Many people think that staying at home is so glorious – yes, I will have to admit that I am very fortunate to be able to be with my child all day and stay around and enjoy my home…but that is also the downside – I am with my child ALL day. I am at home ALL day. Just as working outside of the home has its drawbacks (having to take a day off from work or leave early to care for a sick child or a snow day) – so does staying at home (not getting a sick day when you are sick and having to take care of your sick self and a child at the same time).
I think too, people think we must be oozing with wealth since I get to stay at home too and provide childcare for our baby – but we are not.

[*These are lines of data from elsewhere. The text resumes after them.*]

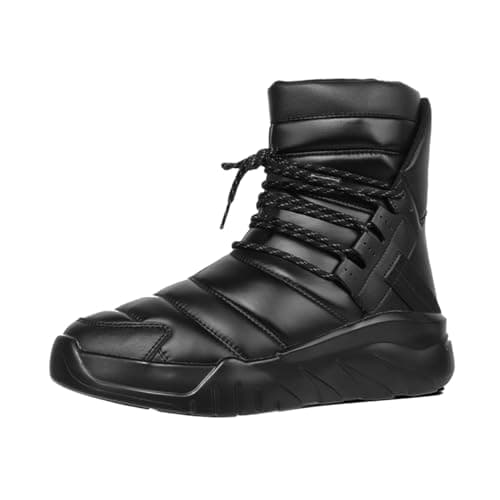 Soulsfeng Women's Waterproof Fashion Black Boots Winter Warm High Top Shoes Anti-Slip Ankle Booties Size 7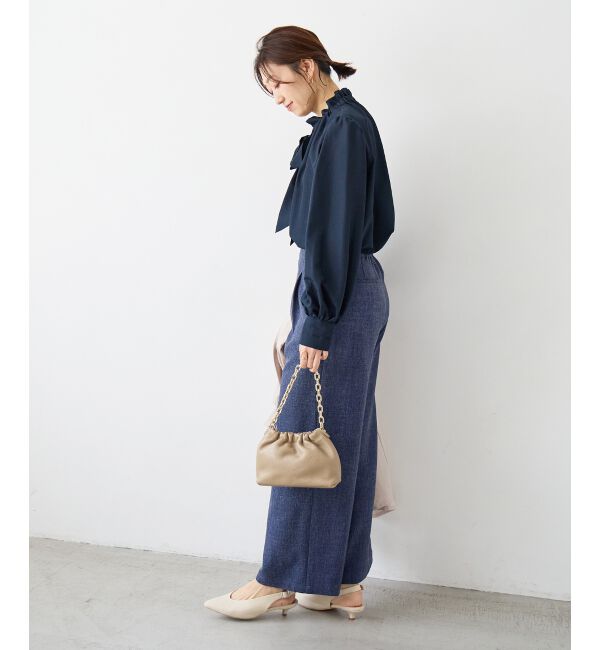  「【日本製】メランジ調マリンワイドパンツ」|その他|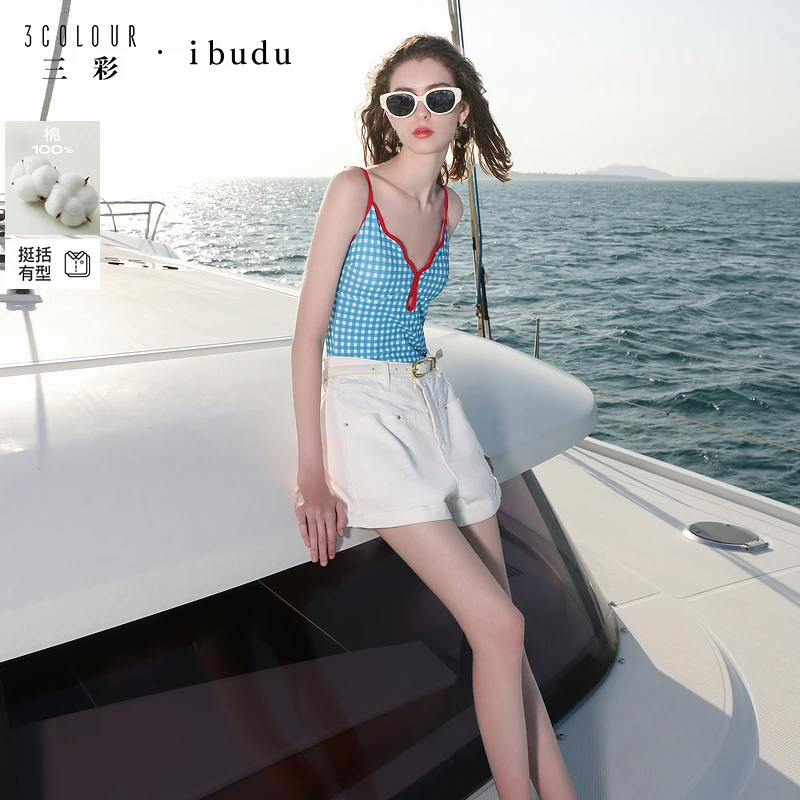 三彩ibudu2025夏季新款宽松收腰牛仔裤显瘦阔腿翻边短裤女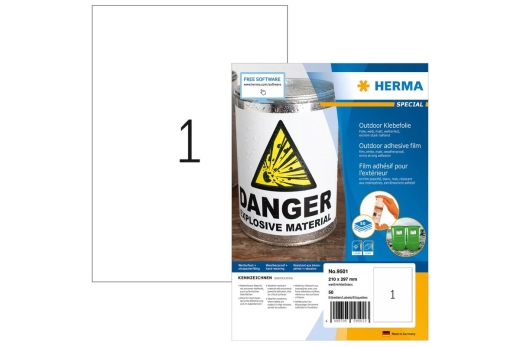 HERMA Etik. A4 Outdoor Klebefolie weiß 210x297 mm 50 St.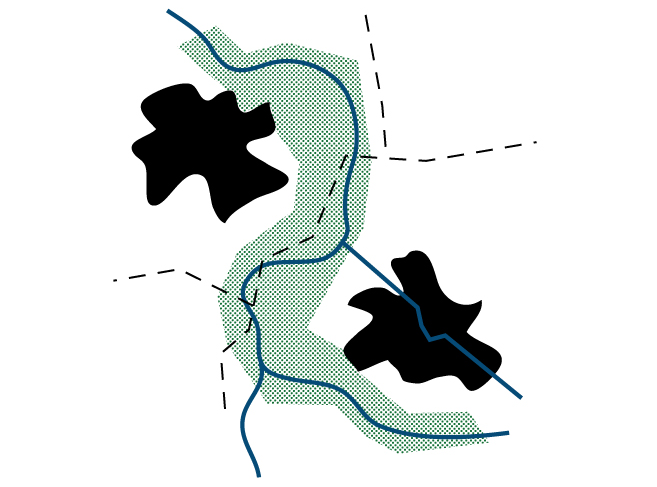 Steden zijn geneigd plannen te maken binnen hun eigen gemeentegrenzen en zoeken voor eventuele uitbreiding hun eigen grens op.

I still wear maternity clothing because we opt to buy other things we need and have bills up the wazzoo and have cut luxuries almost everywhere (from down-grading cable to eliminating trash pick-up).

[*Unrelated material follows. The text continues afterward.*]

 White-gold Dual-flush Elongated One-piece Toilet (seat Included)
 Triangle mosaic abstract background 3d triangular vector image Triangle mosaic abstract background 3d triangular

I wish I could sit around and eat bon-bons all day, but I don’t sometimes I don’t even get a break, if my child chooses not to nap – or when he does nap, I have the option of eating something (other than just my cup of coffee in the morning – I’m amazed I don’t lose weight), doing chores, making phone calls, showering, getting dressed, or taking a breather…but I only get one of those options…
My day begins at 5:30am almost every day (well, it is really a 24 hour day, but we won’t get into that):
– wake up, breastfeed, change baby
– drink coffee
– make baby breakfast
– let baby play while doing dishes/chores
– play with baby a bit
– put baby down for nap
– check email, do chores, shower
– get baby up, changed
– give baby milk, snack (and have to stay inside if the snack is messy)

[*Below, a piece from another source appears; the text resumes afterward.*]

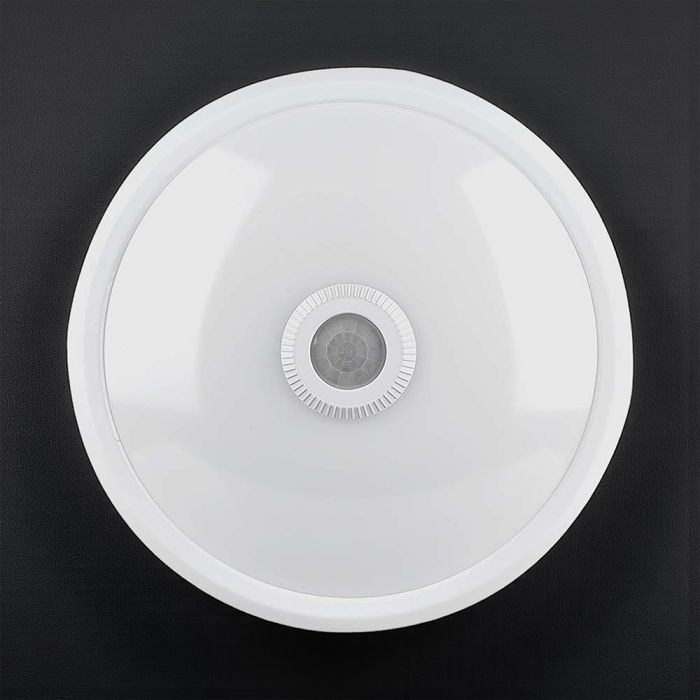 12W(1000Lm) LED kupolveida griestu gaismeklis ar PIR sensoru, V-TAC VT-13, CREE SMD, 85Lm/W, IP20, IK06, balts, Ø290x59,5mm, 120°, 6 gadu garantija, auksti balta gaisma 6400K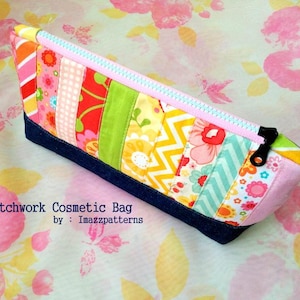 PDF sewing  pattern-2 sizes Basic clutch /cosmetic bag / stationery  case  - plus Bonus patchwork version - 2  patterns - beginners&#39; project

– let baby play, or get out of the house for an hour or so
– breastfeed, nap for baby
– take a breather
– get baby up, changed
– give baby milk, snack
– get out of the house for a brief walk (maybe), start dinner, let baby watch TV show
– give baby dinner
– bathe baby, get ready for bed
– breastfeed, put baby to bed
5:30pm the day “ends”. Repeat. All day, every day.
Occasionally there are the small windows of time where Little Magoo and I can get out of the house to meet with friends or run errands, but it isn’t too often, because if I miss his naptime, forget it – my day is even longer….and it is isolating…
Seeing how my days are in and out in and out – and how my husband struggles to pay the bills and goes about doing projects during the day and weekends, taking care of the inside and outside of the home…while again, I get stuck taking care of baby like every other day, has really got me thinking. Do I want another child? Yes, I do. Should I have another child? No, I should not.
Sadly this was my realization today. I just cannot do it. Really, I cannot…I am loosing myself further into the abyss as life passes me by and everyone else goes on.